Cyclone victims could be buried in ground—Dodma


The Department of Disaster Management Affairs (Dodma) has written off any possibility of 537 people who are still missing in districts affected by the impacts of Tropical Cyclone Freddy being found alive.

Dodma commissioner Charles Kalemba told the Budget and Finance Committee of Parliament Thursday that even after using excavators to sift through the muddy rubble and sniffer dogs, search teams did not find the missing people.

Kalemba’s update to Parliament came less than two months after the cyclone, recorded as the longest-lasting and the strongest in the southern hemisphere, lashed Malawi’s Southern Region, leaving massive devastation in its trail.


“Government and well-wishers used every available tool to search for the missing people but to no avail. So from the advice from experts, probably the people were buried in the landslides,” the Dodma commissioner said.

He added that the notice that there is no hope of finding any survivor means 1,037 people died in the wake of the disaster when those whose bodies were found come into the picture.

The committee’s vice chairperson Ishmael Nkumba said members will visit the affected districts next week.


“We invited Dodma to learn more about how the commission is responding to the impacts of the cyclone.

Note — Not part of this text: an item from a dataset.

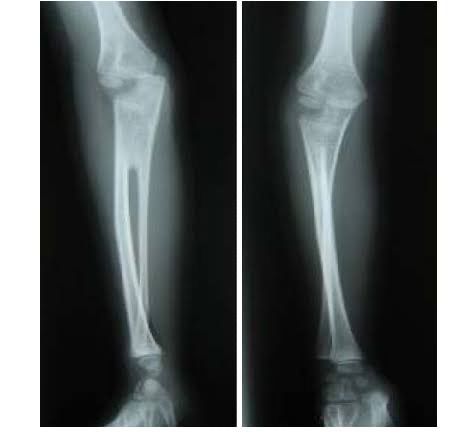 Supination and Pronation - MEDizzy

We have heard them and we would want to see for ourselves how survivors are faring,” Nkumba said.

The cyclone displaced more than 650,000 people in Southern Region apart from destroying crucial public infrastructure such as roads and bridges.

It also hit Mozambique and Madagascar but its impacts were worse felt in Malawi.

Dodma said about 2.3 million people in the affected districts lost their crops and livestock.

During Labour Day celebrations last Monday, President Lazarus Chakwera disclosed that the damage that the cyclone left in its trail had been estimated at over $500 million (approximately K518 billion).

Chakwera said though government had immediately released K1.6 billion and received additional support from Malawians, neighbouring countries and development partners for the response, the country still has a shortfall of K107.3 billion to address the humanitarian needs that the affected populations are expected to face until the middle of June.

“In economic terms, Cyclone Freddy alone has sunk more workers into unemployment and poverty, increased their food insecurity and malnutrition and reduced their access to health, education, utility, transport and sanitation services,” the President said.

He added that after the emergency period has passed, experts also estimate that the work of recovery and reconstruction will cost an additional K700 billion, which the country does not have and which is outside the recently passed national budget.